2001 was the 25th anniversary of the first performance of The Gingerbread Man.  I was hoping that a celebratory production might be mounted, perhaps in London.

But, out of the blue, a phone call came from David Hill, who ran the brand new theatre venue, Norden Farm Centre for the Arts in Maidenhead.  This complex boasted a splendid theatre within a barn.

David Hill had previously worked at Birmingham Hippodrome and at the Everyman Theatre, Cheltenham.  He had worked on marketing, helping us sell children’s shows at Birmingham, and had invited me to talk to children’s theatre enthusiasts at Cheltenham.  Now he was inviting Whirligig to bring The Gingerbread Man to Maidenhead for a Christmas season.  He had not realised it was the 25th anniversary.

John and Barry worked out a budget, and it all seemed possible.  We agreed a four week season, and assembled an excellent cast.  Mike Elles returned as Cuckoo, Shelaagh Ferrell played Pepper, not for the first time.  Neil Smye, who had understudied and played the role before, played the Gingerbread Man.  Newcomers to Whirligig were Michael Geary as Sleek the Mouse, Tom Sutton as Salt and Carol Ann Wilson as The Old Bag.

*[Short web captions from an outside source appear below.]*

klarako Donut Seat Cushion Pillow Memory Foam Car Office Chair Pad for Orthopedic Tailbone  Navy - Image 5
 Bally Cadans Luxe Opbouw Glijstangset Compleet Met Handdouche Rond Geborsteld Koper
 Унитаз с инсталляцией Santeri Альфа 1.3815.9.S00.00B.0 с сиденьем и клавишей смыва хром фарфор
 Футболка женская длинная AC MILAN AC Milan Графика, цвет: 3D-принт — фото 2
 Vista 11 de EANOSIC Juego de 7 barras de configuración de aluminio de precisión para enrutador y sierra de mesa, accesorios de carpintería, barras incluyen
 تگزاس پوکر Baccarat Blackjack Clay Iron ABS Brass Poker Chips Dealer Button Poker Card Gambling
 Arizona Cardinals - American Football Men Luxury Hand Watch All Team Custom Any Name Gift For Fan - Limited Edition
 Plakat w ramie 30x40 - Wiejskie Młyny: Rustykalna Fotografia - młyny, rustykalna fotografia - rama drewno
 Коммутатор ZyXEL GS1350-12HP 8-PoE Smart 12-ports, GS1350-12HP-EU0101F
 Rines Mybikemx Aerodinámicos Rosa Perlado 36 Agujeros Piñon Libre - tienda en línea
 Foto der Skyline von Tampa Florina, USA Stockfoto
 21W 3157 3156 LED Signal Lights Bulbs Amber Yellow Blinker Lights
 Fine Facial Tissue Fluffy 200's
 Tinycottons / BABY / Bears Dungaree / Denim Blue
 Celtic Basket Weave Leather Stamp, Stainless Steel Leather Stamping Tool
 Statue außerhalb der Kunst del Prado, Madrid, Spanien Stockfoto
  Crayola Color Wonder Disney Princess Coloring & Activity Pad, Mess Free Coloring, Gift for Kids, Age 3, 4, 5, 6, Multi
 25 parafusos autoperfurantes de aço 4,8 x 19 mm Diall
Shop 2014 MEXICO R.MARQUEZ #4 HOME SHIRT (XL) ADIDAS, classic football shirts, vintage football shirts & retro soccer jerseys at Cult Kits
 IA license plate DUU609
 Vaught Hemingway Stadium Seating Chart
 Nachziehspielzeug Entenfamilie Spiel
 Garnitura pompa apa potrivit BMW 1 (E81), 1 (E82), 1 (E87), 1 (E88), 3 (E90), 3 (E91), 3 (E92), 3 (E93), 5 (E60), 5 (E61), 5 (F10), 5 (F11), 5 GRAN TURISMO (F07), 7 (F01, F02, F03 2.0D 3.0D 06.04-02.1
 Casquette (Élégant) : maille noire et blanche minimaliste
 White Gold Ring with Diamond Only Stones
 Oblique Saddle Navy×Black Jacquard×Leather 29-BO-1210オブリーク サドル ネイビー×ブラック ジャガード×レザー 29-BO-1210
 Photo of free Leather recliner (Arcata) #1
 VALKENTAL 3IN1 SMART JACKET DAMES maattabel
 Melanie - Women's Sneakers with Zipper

Sheila returned to choreograph.  Susie refurbished her set and costumes, Adam Stafford became my Associate Director, and Matthew Freeman, who had previously been one of the musical directors of Meg and Mog Show for Unicorn, came on board as MD and keyboard player.

We had a happy season.  Business was not, perhaps, as brisk as we might have hoped.  But no money was lost and the production was extremely well received.

 

2002

 

There was no Whirligig activity in 2002.  John, Barry and I decided that perhaps the time had come to wind up the company.  What was undoubtedly true was that the children’s theatre scene in the UK had changed radically since we started touring in 1979.  More practitioners wanted to do the work, rather than seeing it as the first rung on the ladder.  Writers, composers, actors, directors and designers were now seeing children’s theatre as a career option.  Perhaps, we thought, our work is done.  Not only that, we still had some money – not much – in the bank, so were not being forced to abandon ship.

We decided to hold a celebratory party, to which we would invite as many people as possible who had been connected with Whirligig shows.  We decided it should take place the following year – in 2003, which would in effect be our 25th anniversary.

 

2003

 

And so it was that on Sunday, October 26th, 2003, we held a splendid party at Polka Theatre in Wimbledon, to which a gratifyingly large number of people came.  Speeches were made.  Whirligig performers past and present performed songs from the shows.  There were video excerpts from productions on the big screen.

The end of an era.  At times frustrating, but always stimulating and rewarding.  In the opinion of many, Whirligig played a major role in changing attitudes towards children’s theatre in the UK, both amongst the professional theatre world and in the minds of the public.  Children’s theatre productions had become part of the mainstream, both in regional producing houses as well as touring theatres.  And also in London’s West End.

My thanks to everybody who contributed to Whirligig’s twenty five years on the road, particularly to Susie Caulcutt (designer), Sheila Falconer (choreographer), and Peter Pontzen (musical supervisor) for staying on board the Whirligig through thick and thin till the end of the ride, and John Gould and Barry Sheppard, without whom the company could not have existed and kept going, through adversity and triumph alike.